Prestasinya terlihat mentereng, tetapi jika dilihat dari potensi skuad yang dia miliki, hasil ”nyaris juara” adalah kesempatan emas yang terbuang. Southgate memang membawa kestabilan pada tim ”Tiga Singa”, tetapi pendekatan gaya permainan konservatif, mendahulukan kesetiaan pada pemain tertentu dibandingkan dengan performa, membuatnya kurang populer bagi pendukung Inggris.

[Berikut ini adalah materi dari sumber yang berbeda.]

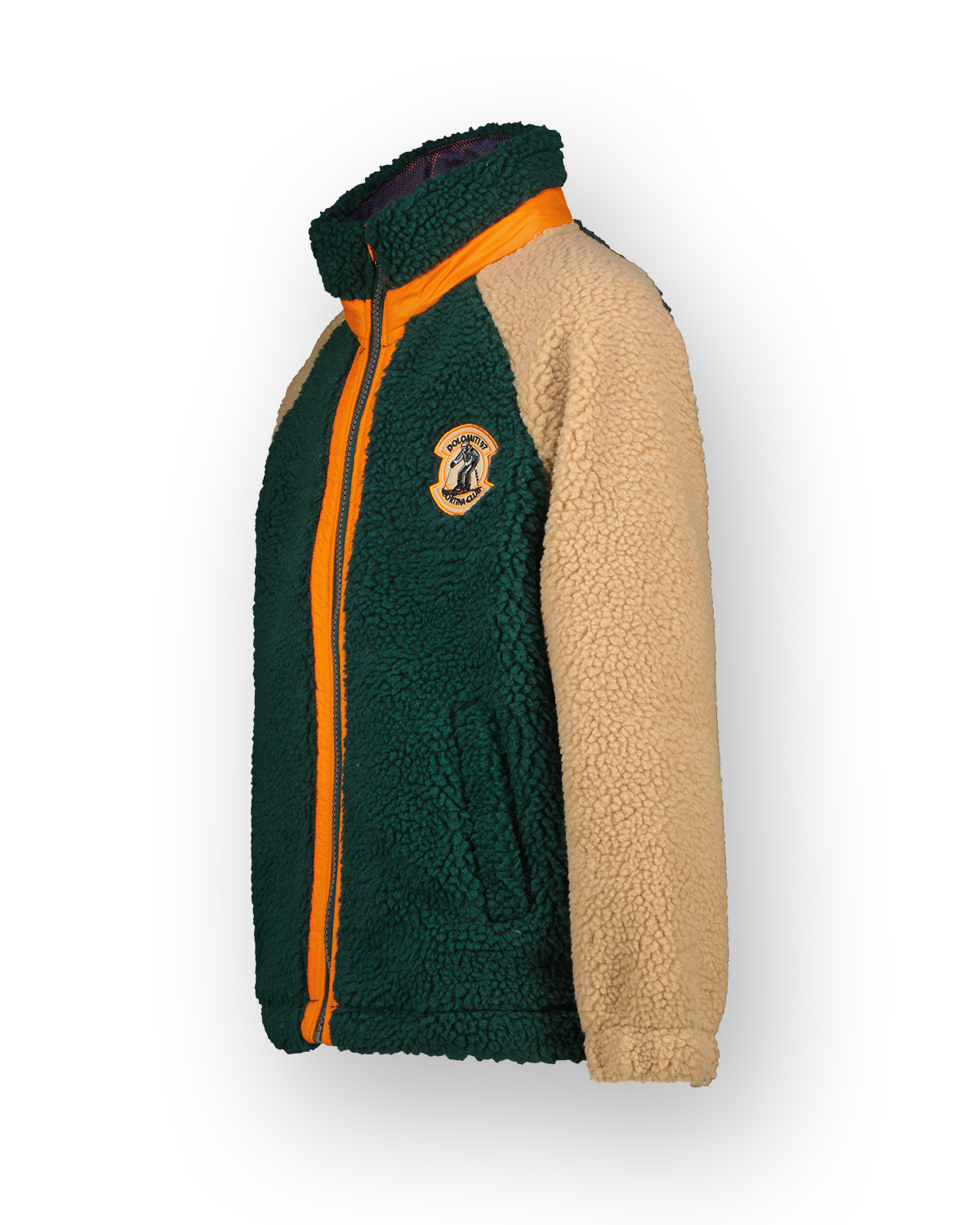 Oversized Jacke Tony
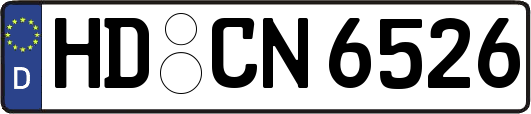 HD-CN6526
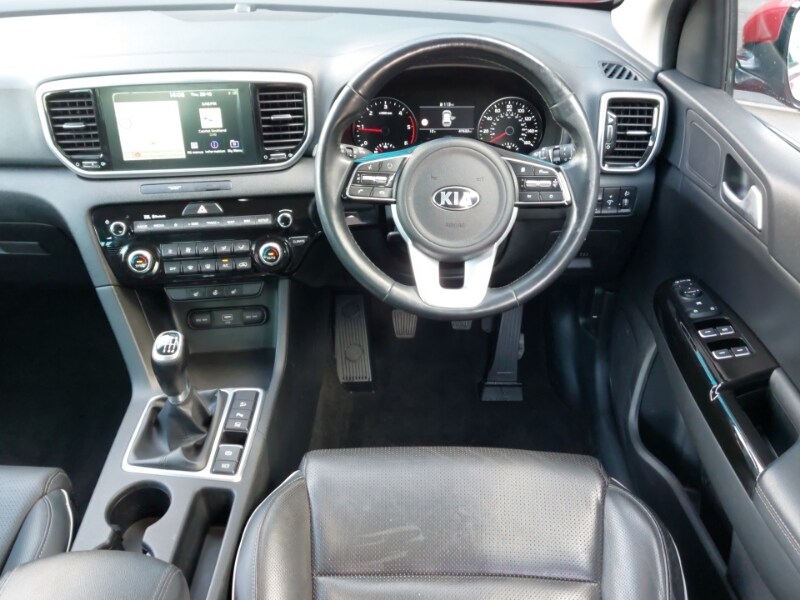 Used Kia Sportage 2018 for sale - 76358623: Photo 7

Kurang tiga bulan digelarnya Piala Eropa 2024 di Jerman, performa tim Tiga Singa masih belum menggembirakan sehingga sempat ada seruan penggantian pelatih. FA bergeming dan tetap percaya kepada Southgate. Jurnalis BBC, Phil McNulty, menyebut Southgate memang banyak mendapat kritik, tetapi fakta membuktikan bahwa ia adalah pelatih Inggris dengan rekor terbaik sejak Sir Alf Ramsey memenangi Piala Dunia 1966.
Pada dua laga terakhir, Inggris tak mampu meraih kemenangan menghadapi rival-rival elite. Mereka kalah 0-1 dari Brasil pada laga Minggu (24/3/2024) dini hari WIB, kemudian hanya mampu bermain imbang lawan Belgia, 2-2, Rabu (27/3/2024) dini hari WIB. Jude Bellingham menjadi penyelamat Inggris dari kekalahan saat lawan Belgia dengan gol penyama kedudukan pada pengujung laga.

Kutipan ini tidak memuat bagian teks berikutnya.